- _Dataset entries_:
○ ○ ○ ○ ○

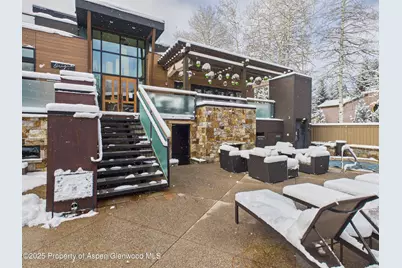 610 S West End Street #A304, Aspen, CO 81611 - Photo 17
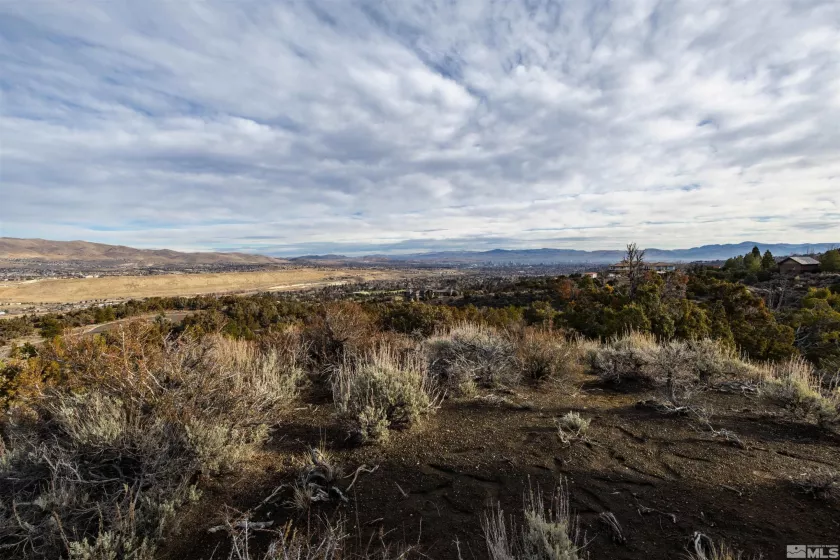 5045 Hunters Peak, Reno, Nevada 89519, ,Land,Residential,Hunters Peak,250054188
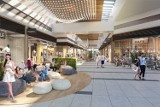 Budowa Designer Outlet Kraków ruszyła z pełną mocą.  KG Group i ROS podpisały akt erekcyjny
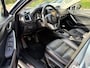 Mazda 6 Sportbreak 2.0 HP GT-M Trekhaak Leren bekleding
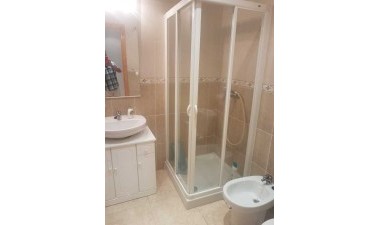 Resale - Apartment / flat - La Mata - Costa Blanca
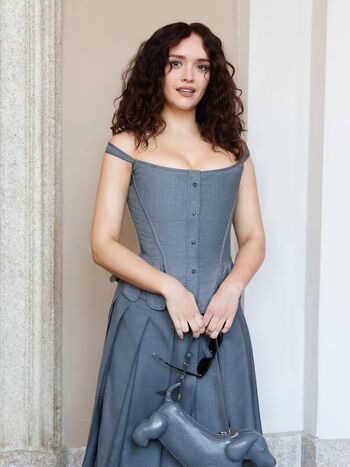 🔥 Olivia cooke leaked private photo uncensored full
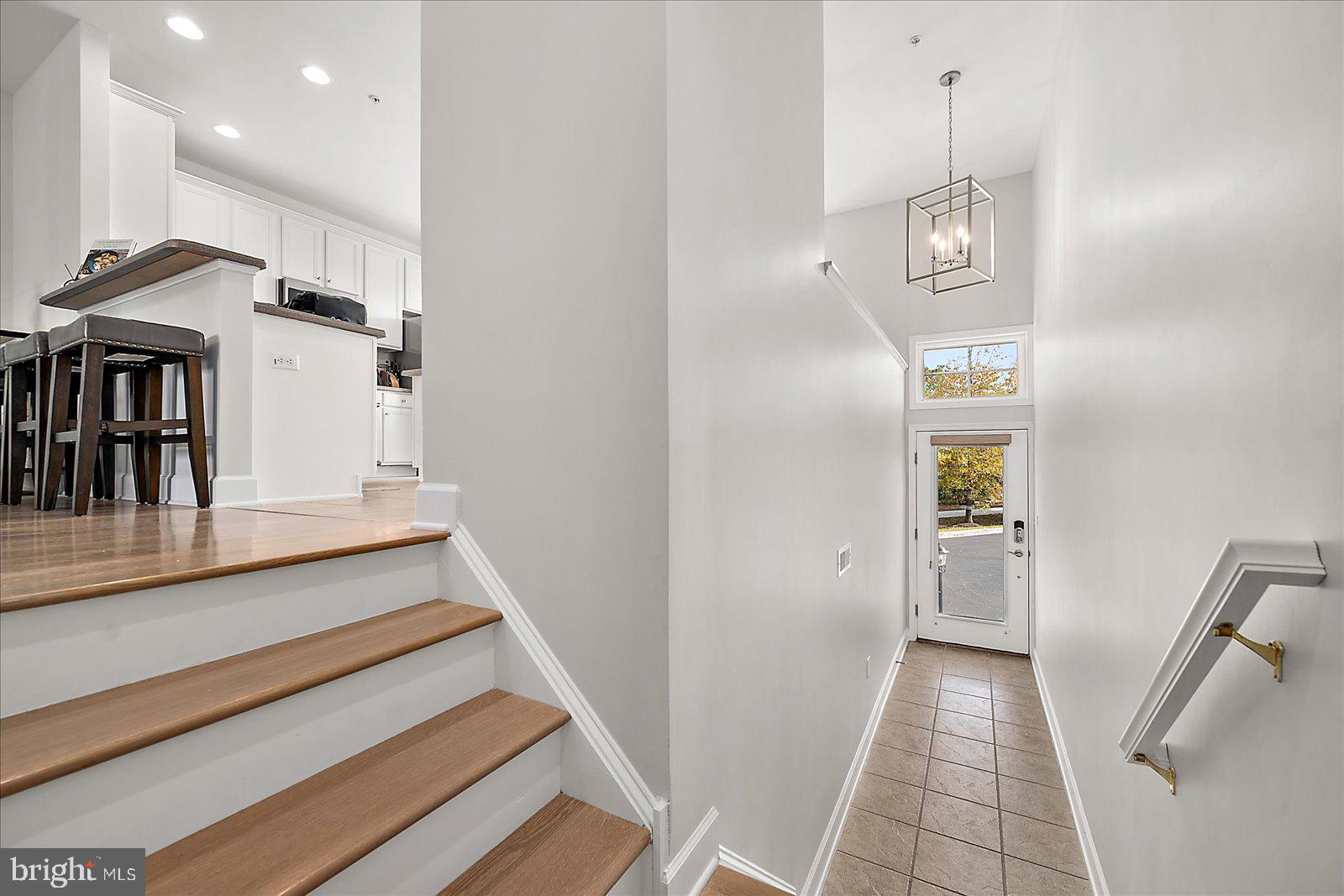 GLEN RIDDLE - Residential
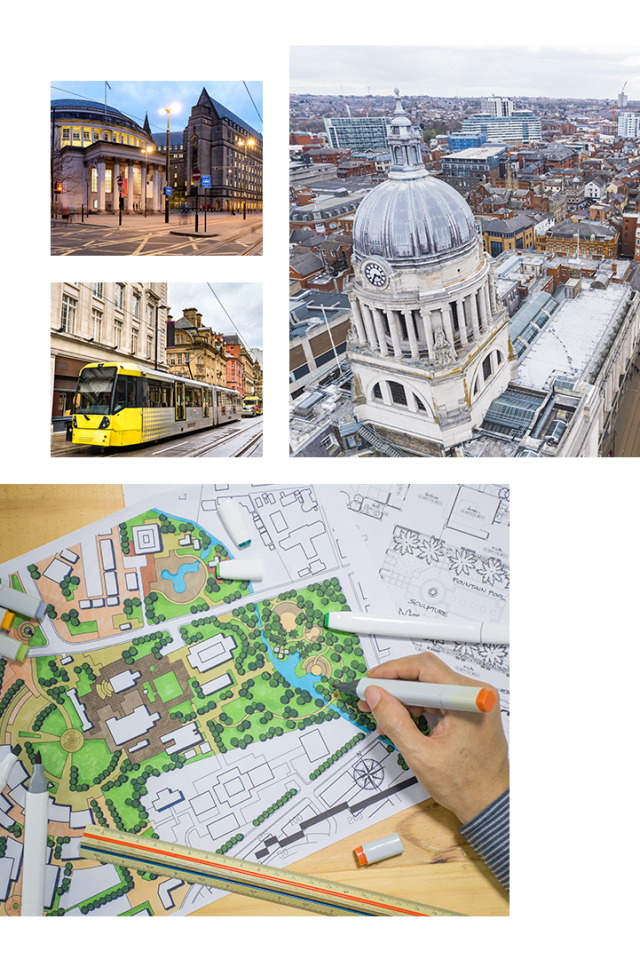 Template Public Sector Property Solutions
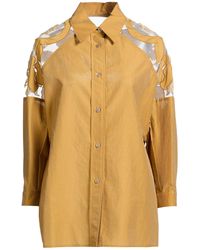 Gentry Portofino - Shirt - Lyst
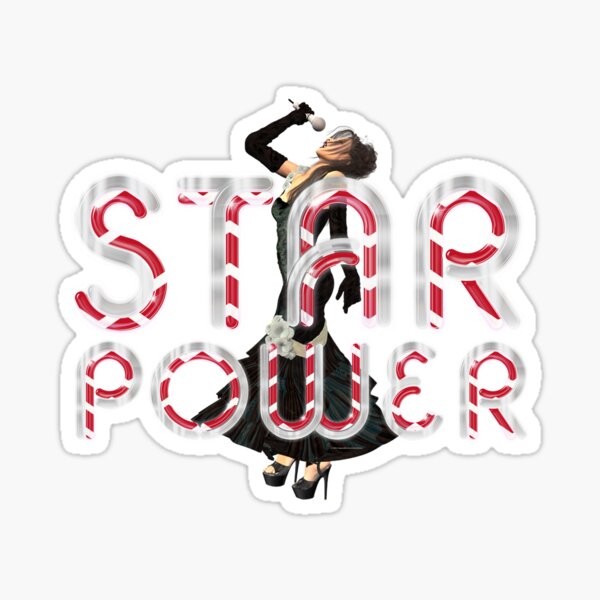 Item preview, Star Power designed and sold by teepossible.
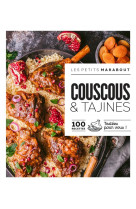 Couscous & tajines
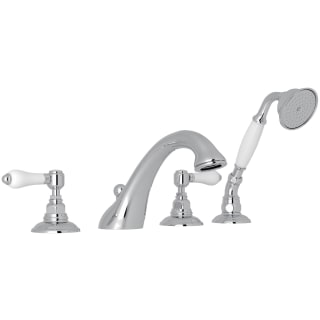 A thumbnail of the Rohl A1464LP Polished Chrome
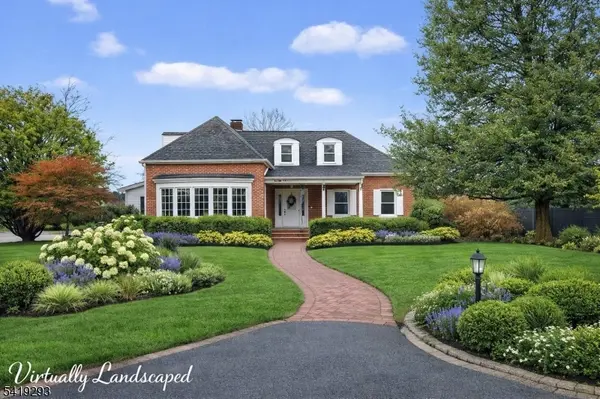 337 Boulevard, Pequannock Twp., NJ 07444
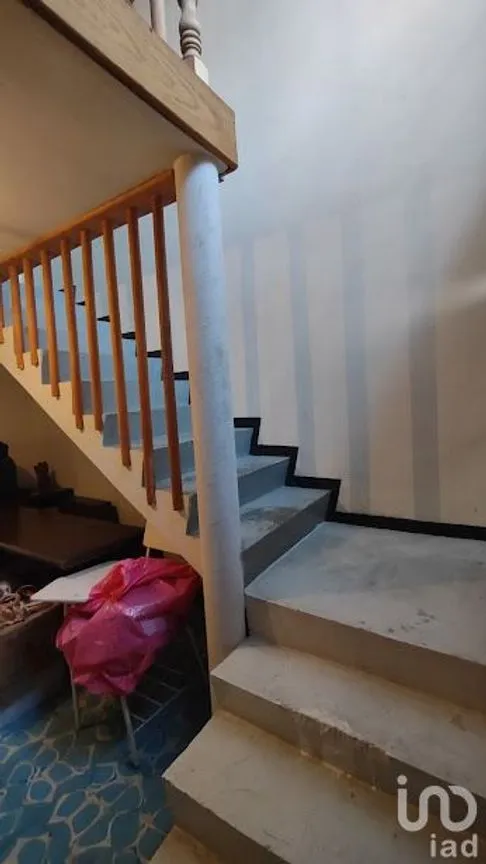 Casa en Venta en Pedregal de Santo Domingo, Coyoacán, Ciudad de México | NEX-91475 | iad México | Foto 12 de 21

○ ○ ○ ○ ○

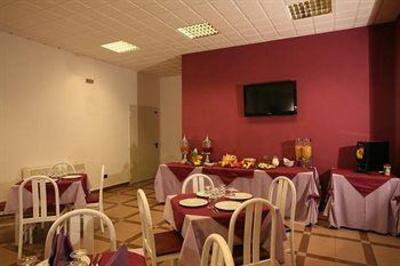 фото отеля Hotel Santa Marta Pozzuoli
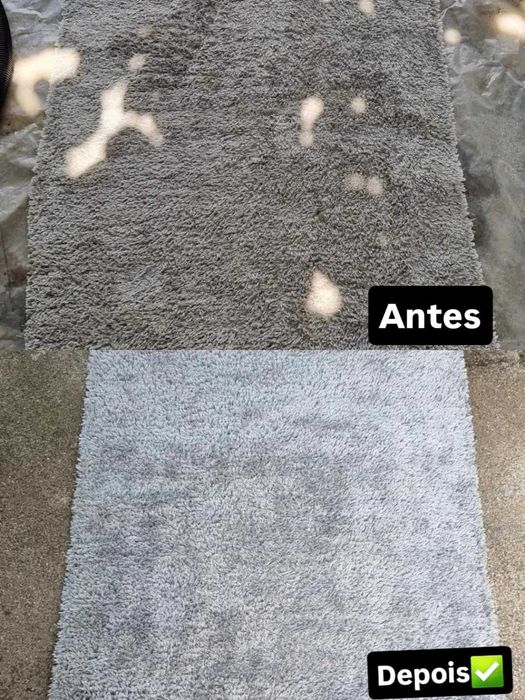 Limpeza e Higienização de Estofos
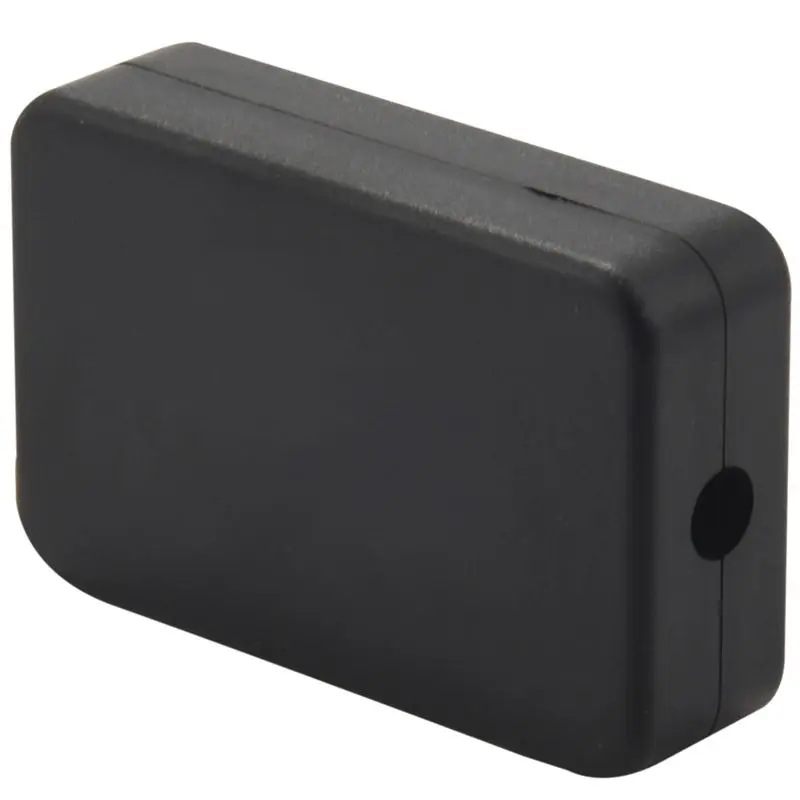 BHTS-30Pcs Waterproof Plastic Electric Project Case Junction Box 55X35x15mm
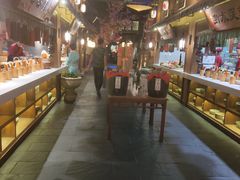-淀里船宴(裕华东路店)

○ ○ ○ ○ ○

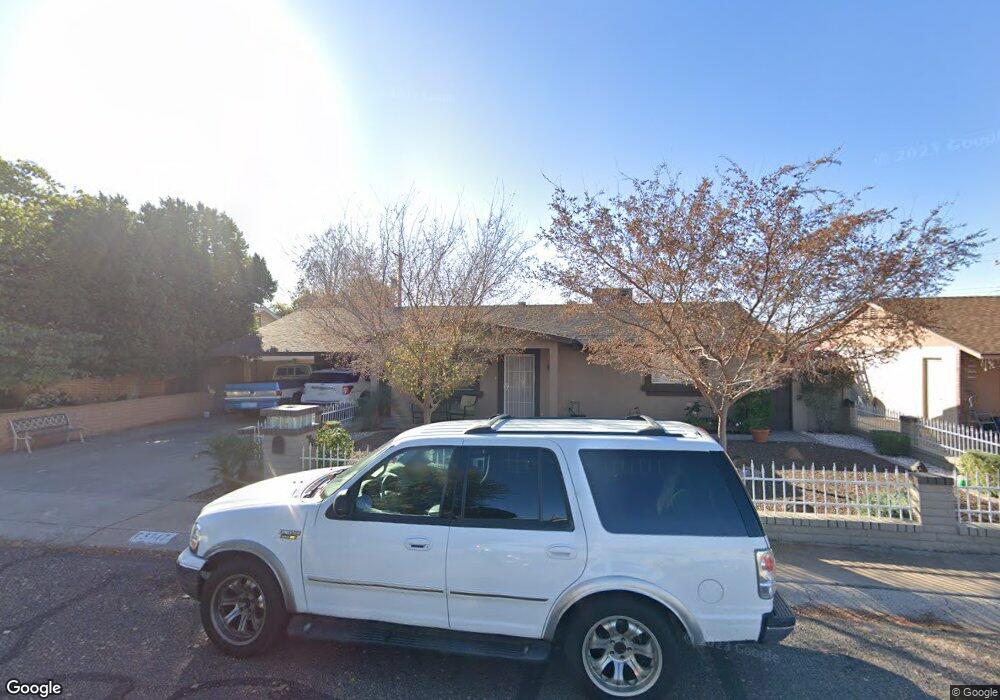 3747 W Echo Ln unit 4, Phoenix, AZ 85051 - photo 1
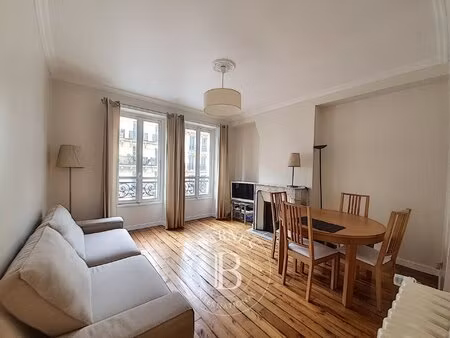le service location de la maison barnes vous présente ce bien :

○ ○ ○ ○ ○

What you return must match the lines above from the one with "Mazda 6 Sportbreak" through the one with "Casa en Venta" exactly, with both ends included and the pictures excluded.

- _Solved problem_:
 Mazda 6 Sportbreak 2.0 HP GT-M Trekhaak Leren bekleding
 Resale - Apartment / flat - La Mata - Costa Blanca
 🔥 Olivia cooke leaked private photo uncensored full
 GLEN RIDDLE - Residential
 Template Public Sector Property Solutions
 Gentry Portofino - Shirt - Lyst
 Item preview, Star Power designed and sold by teepossible.
 Couscous & tajines
 A thumbnail of the Rohl A1464LP Polished Chrome
 337 Boulevard, Pequannock Twp., NJ 07444
 Casa en Venta en Pedregal de Santo Domingo, Coyoacán, Ciudad de México | NEX-91475 | iad México | Foto 12 de 21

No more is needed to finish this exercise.